The Plaintiffs served their Summons and Complaint on Defendant Brian Holt (“Defendant”) on December 4, 2014, “[a]fter numerous attempts.” [Doc. 13-1]. The Summons noted:

Within 21 days after service of this summons on you . . . you must serve on the plaintiff an answer to the attached complaint or a motion under Rule 12 of the Federal Rules of Civil Procedure. The answer or motion must be served on the plaintiff or plaintiff’s attorney . . . If you fail to respond, judgment by default will be entered against you for the relief demanded in the complaint. You also must file your answer or motion with the court.

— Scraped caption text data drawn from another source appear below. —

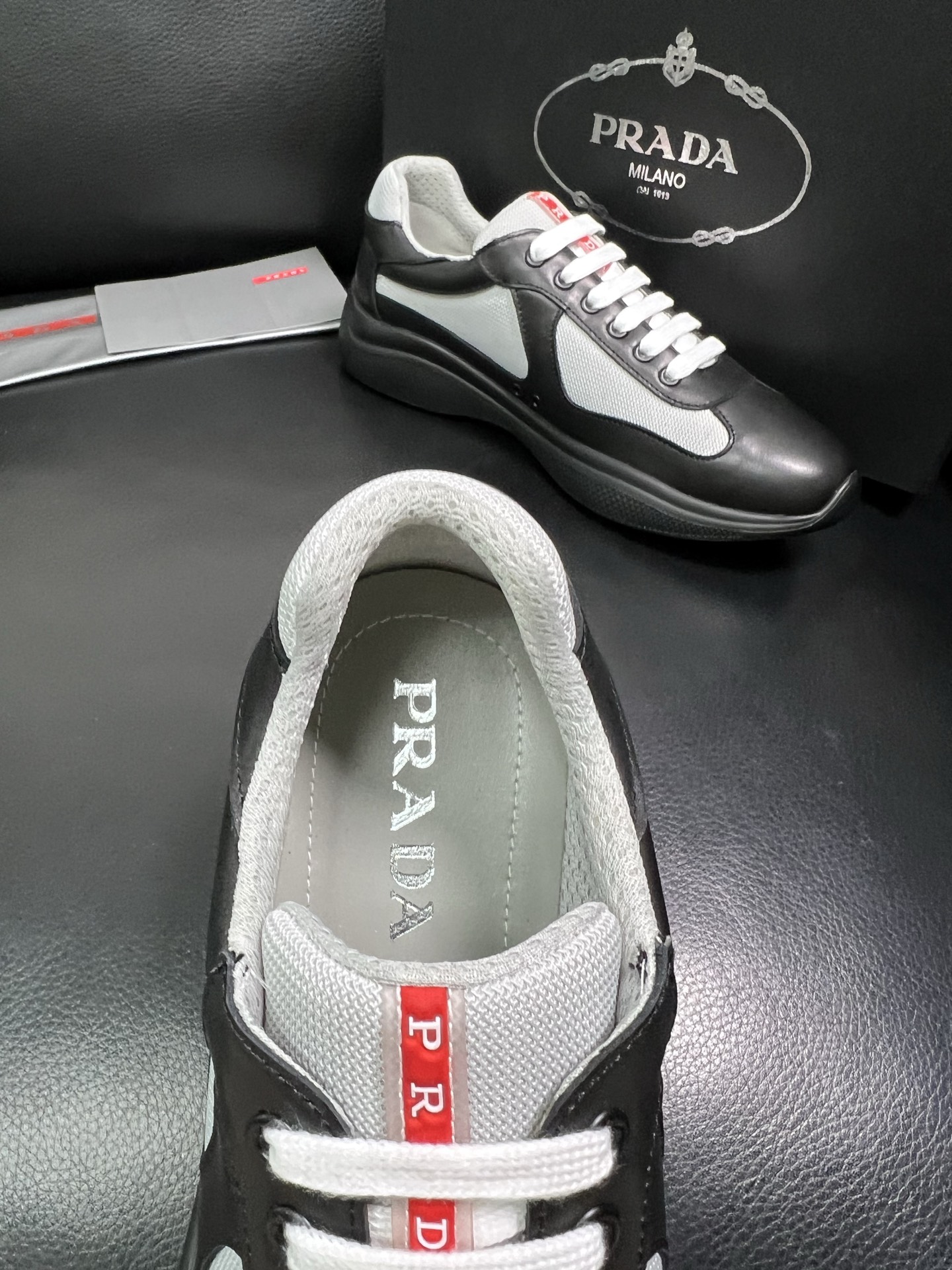 PRADA 顶级工艺品 普拉达 专柜同步 原厂配置，意大利进口原版牛皮面料，透气舒适进口水染牛里垫，鞋底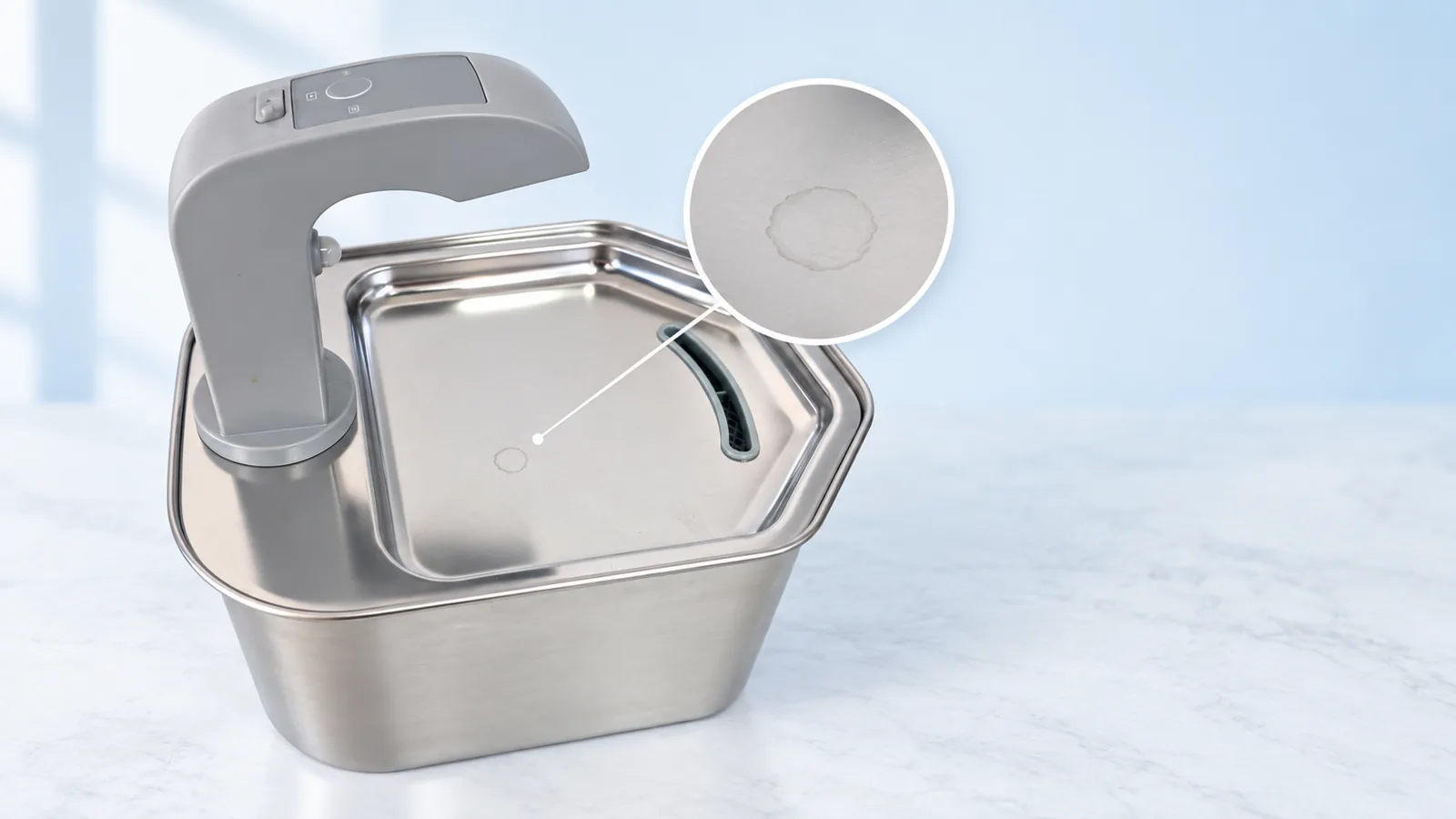 Fountelio-Brunnen mit illustrativer Detailansicht eines mineralischen Wasserrands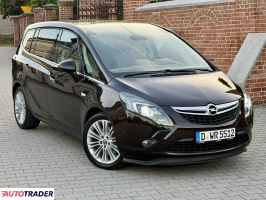 Opel Zafira 2013 2.0 165 KM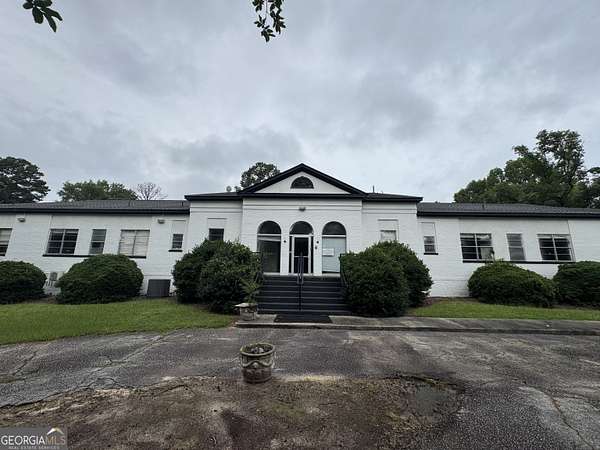 6.3 Acres of Improved Mixed-Use Land for Sale in Tennille, Georgia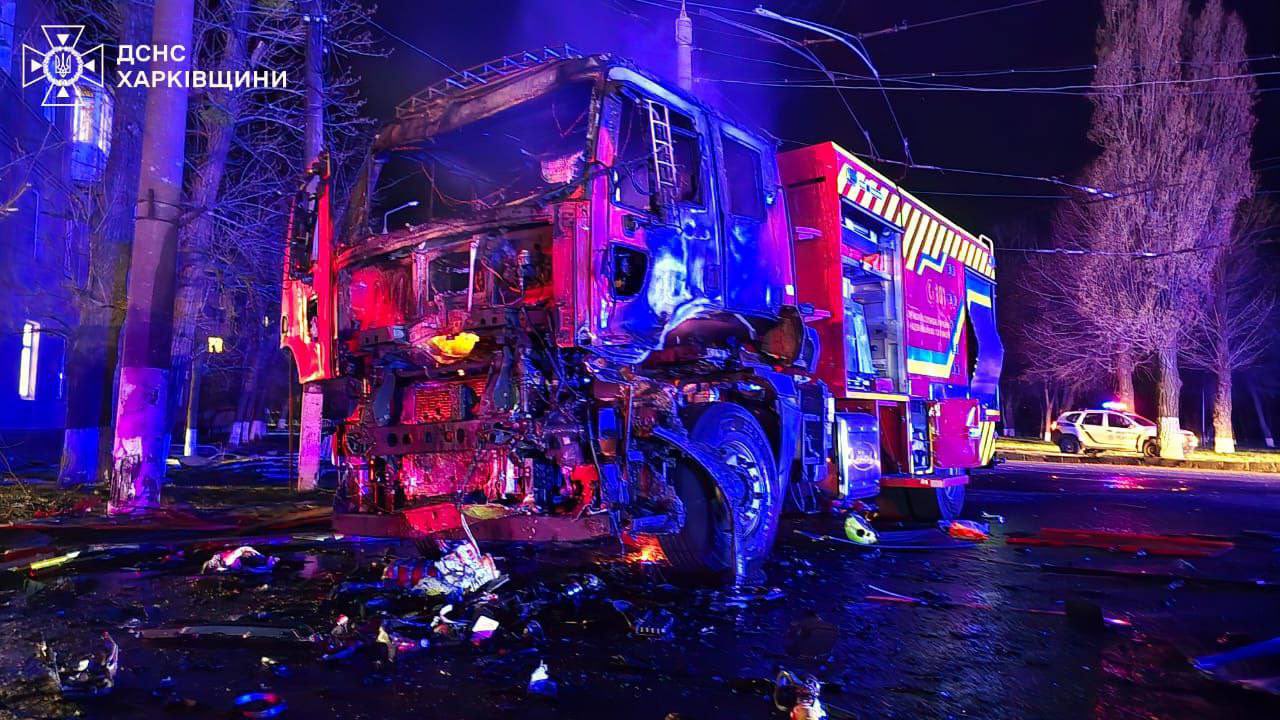 Rușii au atacat Harkov noaptea cu drone Shahed. Cinci oameni au murit, printre care trei salvatori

[Doc. 6 at 1]. The Defendant did not file an answer or appear in the prescribed 20-day time period. Further, the Defendant did not move for an extension of time or appear after the expiration of the statutory time period. Thus, on February 6, 2015, the Plaintiffs filed a Motion for Entry of Default against the Defendant, [Doc. 9], and the Clerk of Court entered default on that same day [Doc. 11]. The Plaintiffs then filed the present motion at issue, the Motion for Default Judgment Pursuant to Rule 55(b) of the Federal Rules of Civil Procedure. [Doc. 13]. The Plaintiffs are seeking statutory damages in the amount of $30, 000.00, costs in the amount of $1, 460.00, and attorneys’ fees in the amount of $3, 535.00. [Id.].

II. DISCUSSION

“To obtain a default judgment, a party must first seek an entry of default under Federal Rule of Civil Procedure 55(a).” Hayhurst v. Liberty Int'l Underwriters, No. 5:08cv5347, 2009 U.S. Dist. LEXIS 5347, at *2 (N.D.W.Va. Jan. 29, 2009); see Eagle Fire, Inc. v. Eagle Integrated Controls, Inc., No. 3:06cv264, 2006 U.S. Dist. LEXIS 41054, at * 14 (E.D. Va. June 20, 2006) (“The entry of default is a procedural prerequisite to the entry of a default judgment.”). Rule 55(a) states that the clerk must enter default “[w]hen a party against whom a judgment for affirmative relief is sought has failed to plead or otherwise defend, and that failure is shown by affidavit or otherwise.” Fed.R.Civ.P. 55(a). After the clerk enters default, the party may seek a default judgment under Rule 55(b)(1) or (2), depending on the nature of the relief sought. Rule 55(b) “authorizes the entry of a default judgment when a defendant fails ‘to plead or otherwise defend’ in accordance with the Rules.” United States v. Moradi, 673 F.2d 725, 727 (4th Cir. 1982). By his default, the Defendant has admitted the Plaintiff’s well-pleaded factual allegations in his Complaint. Ryan v. Homecomings Fin. Network, 253 F.3d 778, 780 (4thCir. 2001).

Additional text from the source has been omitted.